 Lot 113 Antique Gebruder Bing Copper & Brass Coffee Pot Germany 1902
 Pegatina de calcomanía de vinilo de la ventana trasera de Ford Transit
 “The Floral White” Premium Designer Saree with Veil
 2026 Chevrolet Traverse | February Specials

━━━━

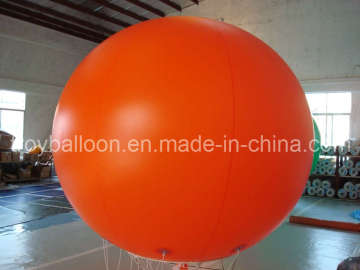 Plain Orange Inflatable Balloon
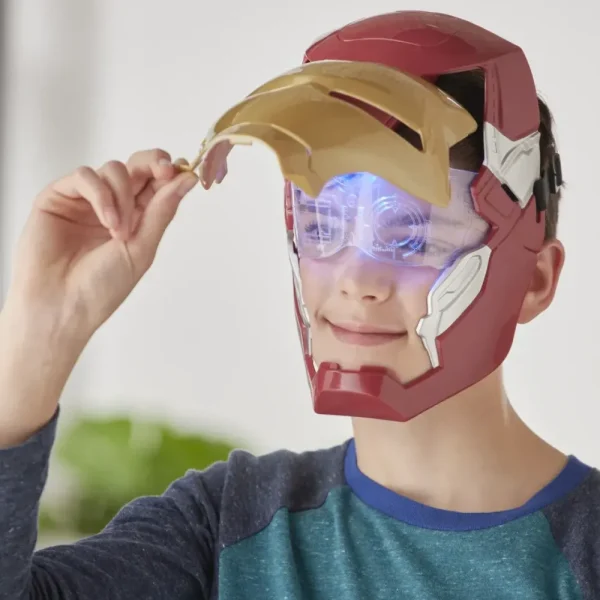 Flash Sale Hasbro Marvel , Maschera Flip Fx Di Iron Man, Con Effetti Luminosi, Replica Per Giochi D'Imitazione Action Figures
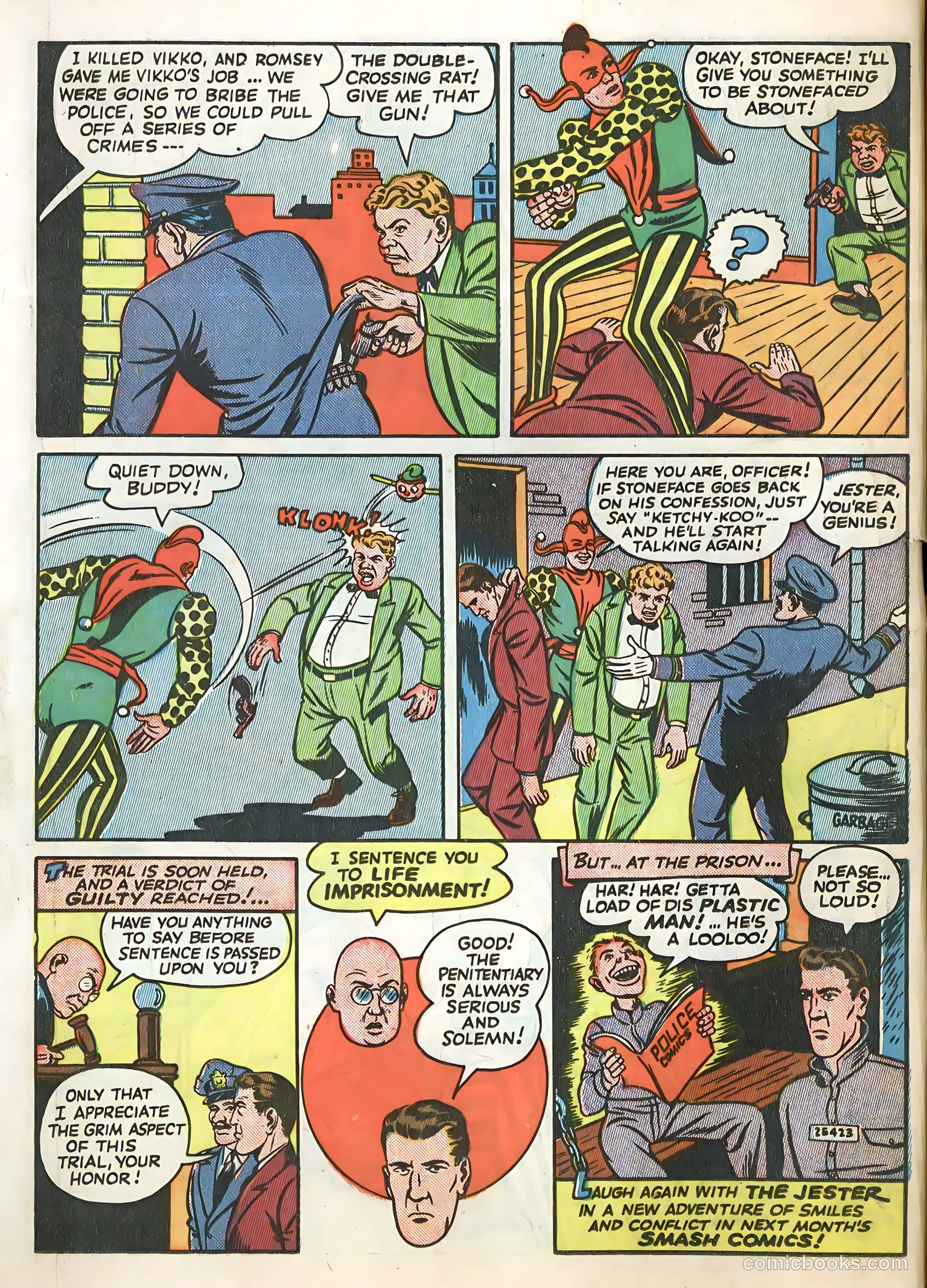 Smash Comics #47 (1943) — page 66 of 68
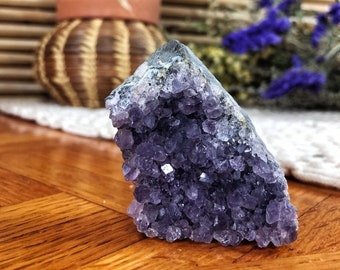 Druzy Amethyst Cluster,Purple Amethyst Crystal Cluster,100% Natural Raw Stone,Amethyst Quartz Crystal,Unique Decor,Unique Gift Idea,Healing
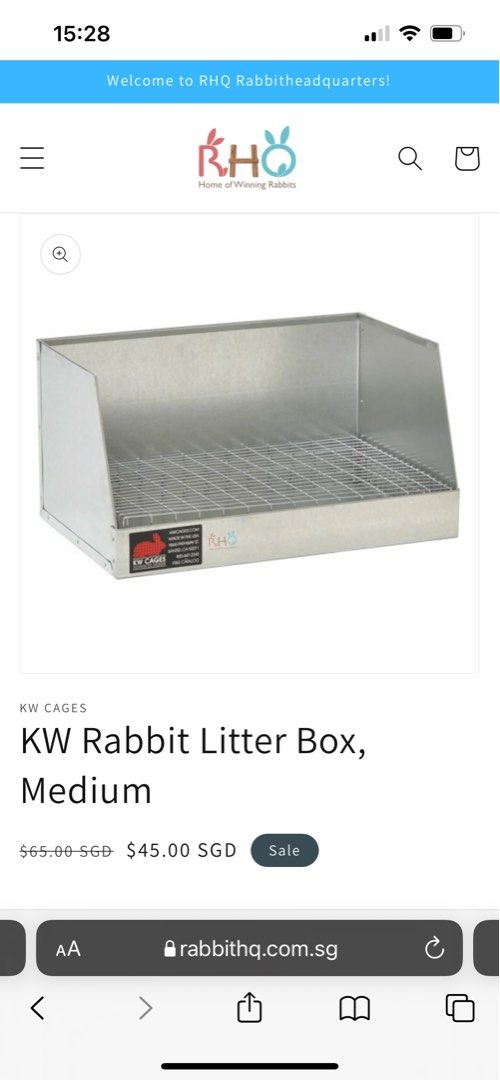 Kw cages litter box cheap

━━━━

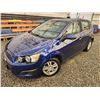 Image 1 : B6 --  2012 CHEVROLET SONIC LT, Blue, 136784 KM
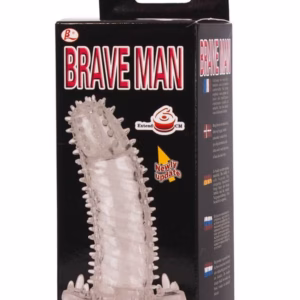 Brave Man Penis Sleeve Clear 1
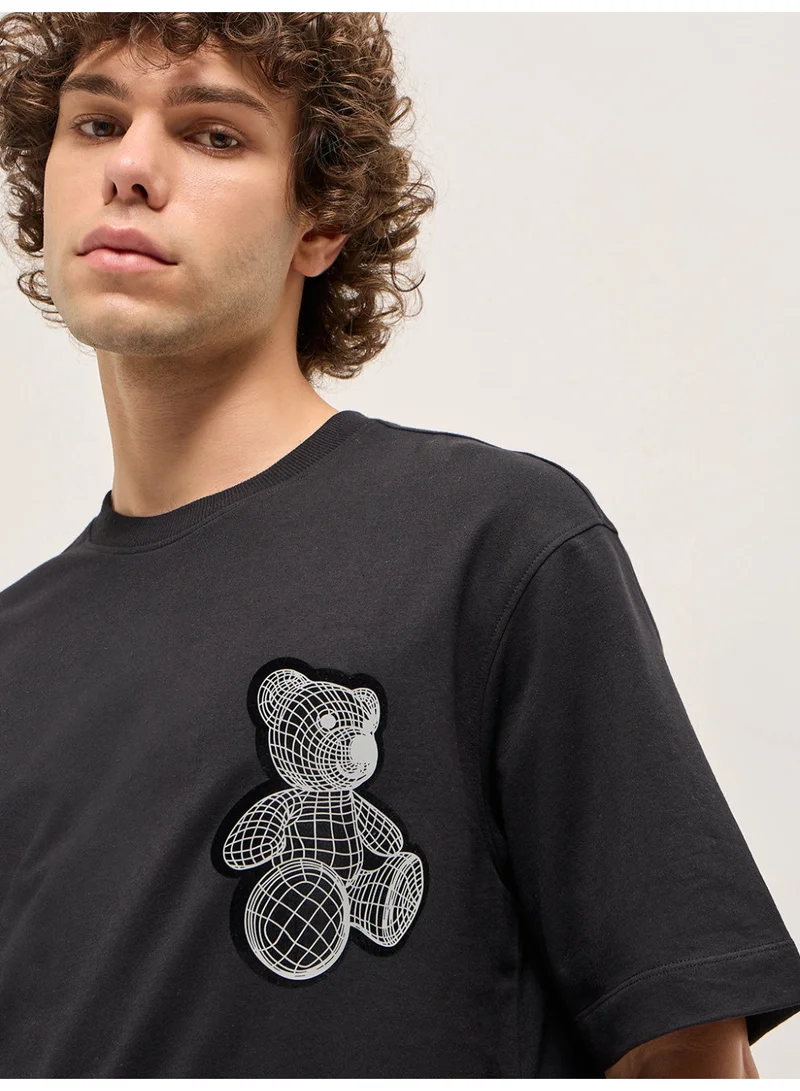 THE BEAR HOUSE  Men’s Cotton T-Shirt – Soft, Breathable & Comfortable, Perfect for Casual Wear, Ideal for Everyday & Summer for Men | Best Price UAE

━━━━

→ WHAT TO PRODUCE:
The material above holds pictures; leave them out and set down exactly the lines from the line with "Brave Man Penis Sleeve Clear 1" to the line with "THE BEAR HOUSE", both included.

→ YOUR SOLUTION:
 Brave Man Penis Sleeve Clear 1
 THE BEAR HOUSE  Men’s Cotton T-Shirt – Soft, Breathable & Comfortable, Perfect for Casual Wear, Ideal for Everyday & Summer for Men | Best Price UAE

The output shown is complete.